● **Information shown**
________________________________________
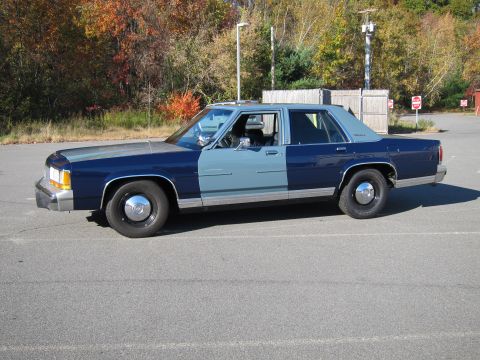 1991 Ford LTD Crown Victoria - A two-tone blue 1991 Ford Crown Victoria is parked in an asphalt lot with autumn trees in the background.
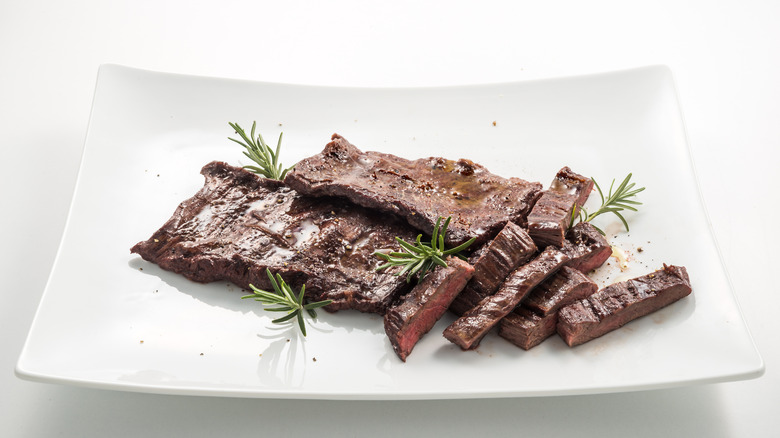 Half-sliced skirt steak on a white. curved, rectangular plate with sprigs of rosemary.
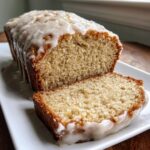 A close-up of moist eggnog bread, sliced and drizzled with a thick vanilla glaze, ready to serve.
________________________________________
● **Your assignment**
Your answer must contain the full data, repeated exactly, without pictures.

● **Your solution**
 1991 Ford LTD Crown Victoria - A two-tone blue 1991 Ford Crown Victoria is parked in an asphalt lot with autumn trees in the background.
 Half-sliced skirt steak on a white. curved, rectangular plate with sprigs of rosemary.
 A close-up of moist eggnog bread, sliced and drizzled with a thick vanilla glaze, ready to serve.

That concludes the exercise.